Ramadhan 1447 Hijriah yang dimulai melalui sidang isbat pemerintah dengan metode hisab dan rukyat kini memasuki pertengahannya. Pada Rabu, 4 Maret 2026, fenomena klasik terlihat di masjid-masjid: saf shalat yang semula penuh kini merapat ke dalam, tarawih mulai bolong, dan tilawah Al-Qur’an kehilangan ritme. Ustaz Adi Hidayat dalam ceramahnya yang dikutip dari YouTube Adi Hidayat Official membahas fase ini sebagai momentum penentu.
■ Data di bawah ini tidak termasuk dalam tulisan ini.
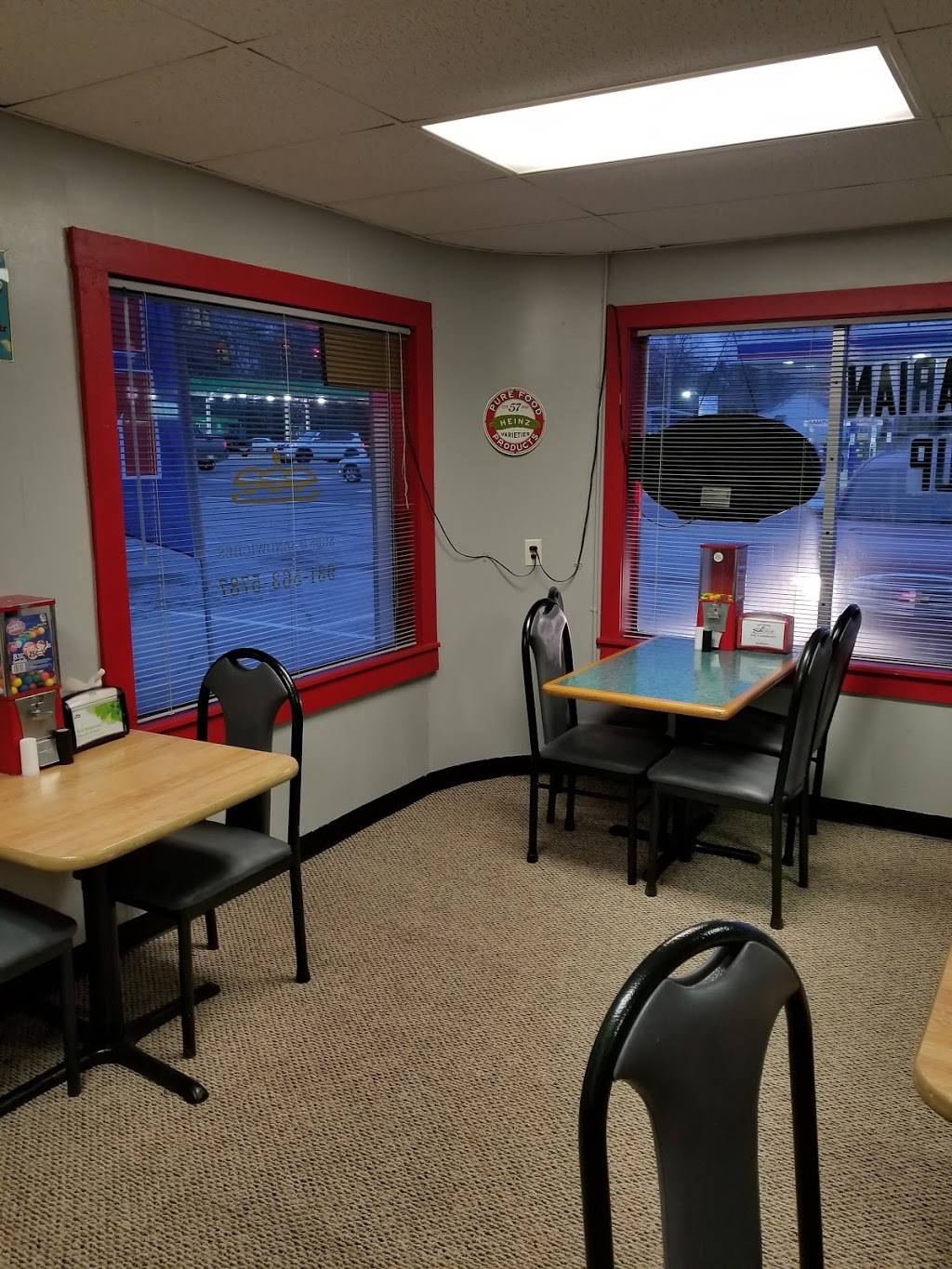 Get Moore Subs & Sandwiches | restaurant | 108 W Hogan St,  Tullahoma, TN 37388, USA | 9315635787 OR +1 931-563-5787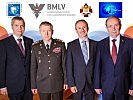 Jochen Rehrl, Viktor Tarasov von der Ukrainischen Verteidigungsuni, Reinhard Trischak und der stellvertretende Verteidigungsminister der Ukraine, Ivan Rusnak.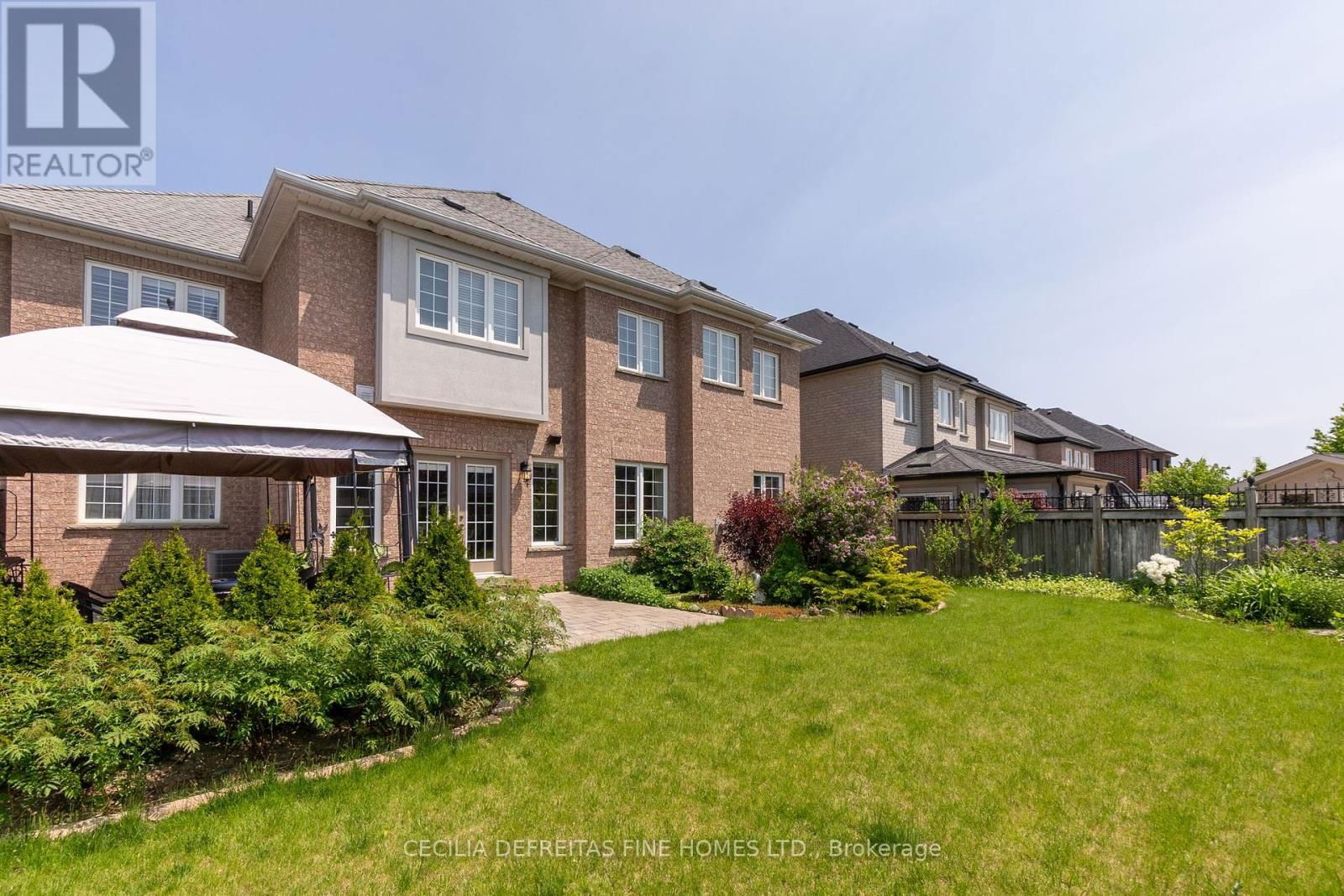 173 POLO CRESCENT Image 39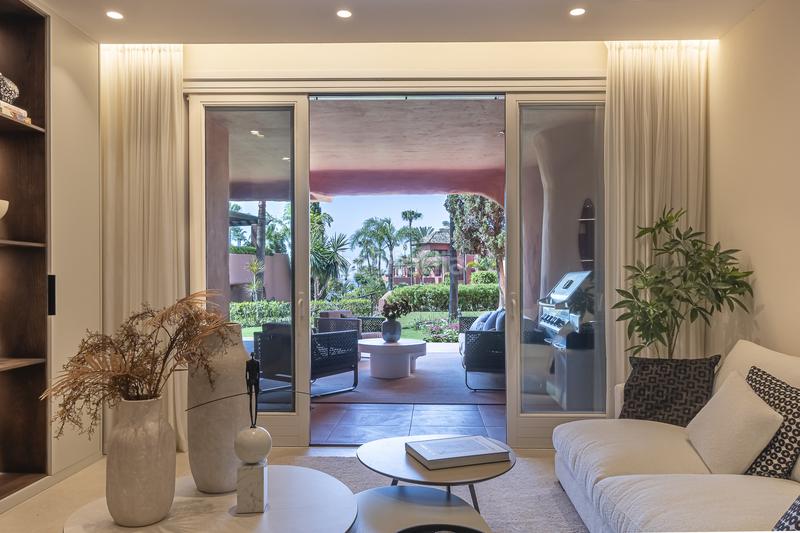 Foto f27a4eb1-b7bd-4e98-b563-3aaae3a9713d. Planta baixa amb aparcament piscina a Guadalmansa Estepona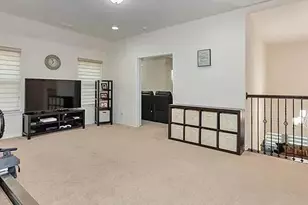 913 Yarrow St, Little Elm, TX 75068 - Photo 8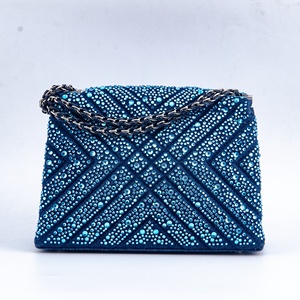 Sac à main de luxe bleu royal à paillettes, pochette en velours ornée de cristaux avec motif floral 3D, sac de soirée glamour pour femmes - Product Image 3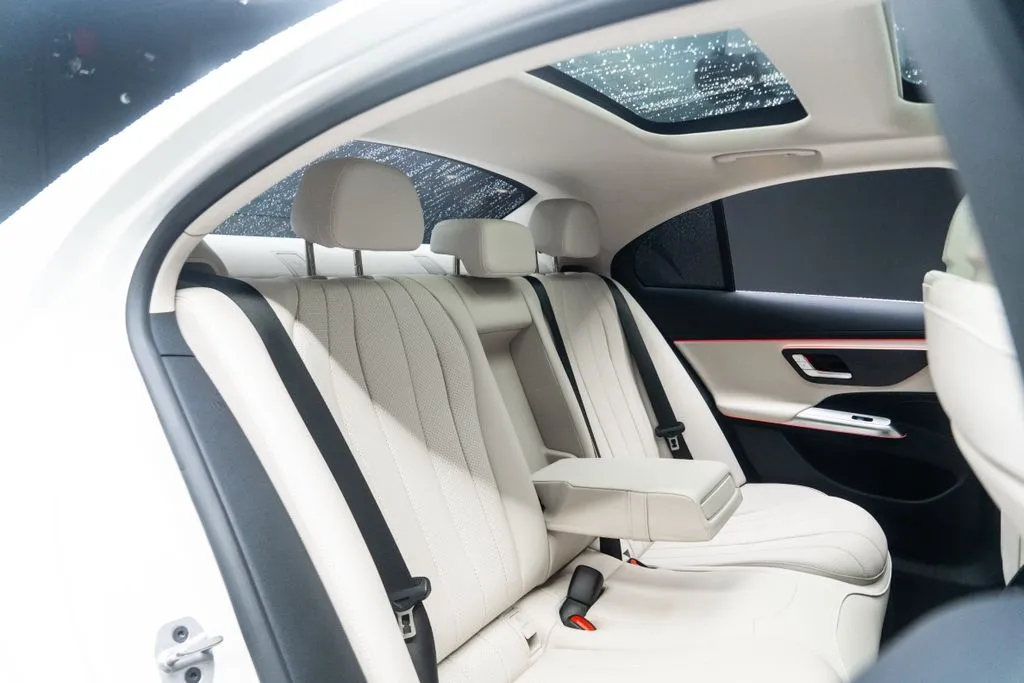 Mercedes-Benz E-Class photo 35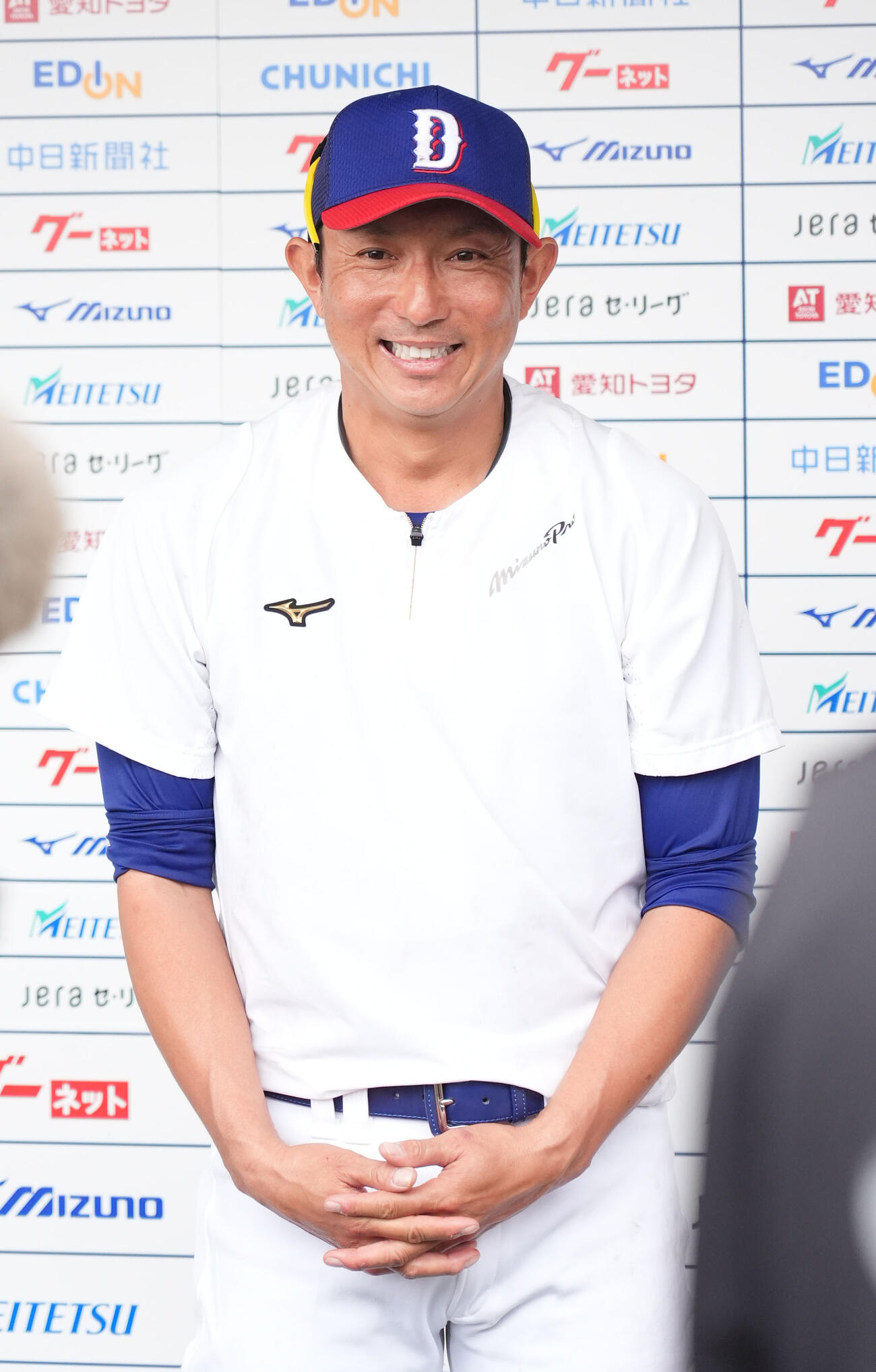 取材に応じる川崎臨時コーチ兼選手（撮影・森本幸一）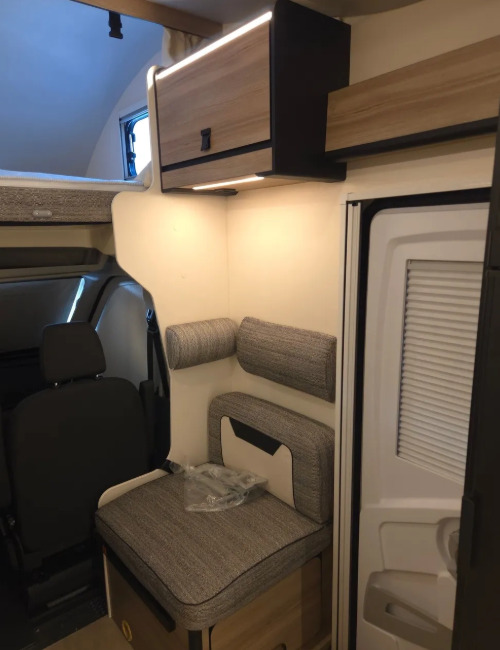 Leasing de RIMOR Rimor KILIG 695 NEW Retrofitted 5-Passenger Winterized Camera Navigation RIMOR Rimor KILIG 695 NEW Retrofitted 5-Passenger Winterized Camera Navigation: foto 19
“Sesungguhnya 10 hari kedua adalah standar dari keberhasilan 10 hari pertama,” ucap Adi Hidayat. Ia menjelaskan bahwa meski syariat tidak membagi Ramadhan secara tekstual menjadi tiga fase dengan keutamaan berbeda, fenomena dari Al-Qur’an dan hadis menunjukkan pola. Di awal Ramadhan, rahmat Allah luas, sejalan dengan hadis Nabi yang diriwayatkan Imam Bukhari: pintu surga terbuka, pintu neraka tertutup, dan setan dibelenggu.
Namun, ujian sesungguhnya datang di pertengahan. Saf renggang, motivasi turun, dan rutinitas dunia menyita perhatian. Ustaz Adi Hidayat merujuk ayat 183 Surah Al-Baqarah yang berakhir dengan “la’allakum tattaqun”, bentuk mudhari yang menandakan takwa berkelanjutan, bukan sesaat. “Kalau 10 hari kedua justru menurun, berarti ada yang perlu dievaluasi dari 10 hari pertama,” jelasnya.
Ia memberi analogi: jika kebiasaan dinikmati selama 10 hari pertama, konsistensi seharusnya terbentuk. Di Jakarta, waktu buka puasa pada hari itu pukul 18.14 WIB, saat adzan Maghrib, di mana umat Muslim membatalkan puasa dengan makanan manis sebelum salat. Fase ini juga mendorong evaluasi ibadah, peningkatan tilawah, sedekah, dan salat sunnah untuk menjaga semangat menjelang 10 hari terakhir.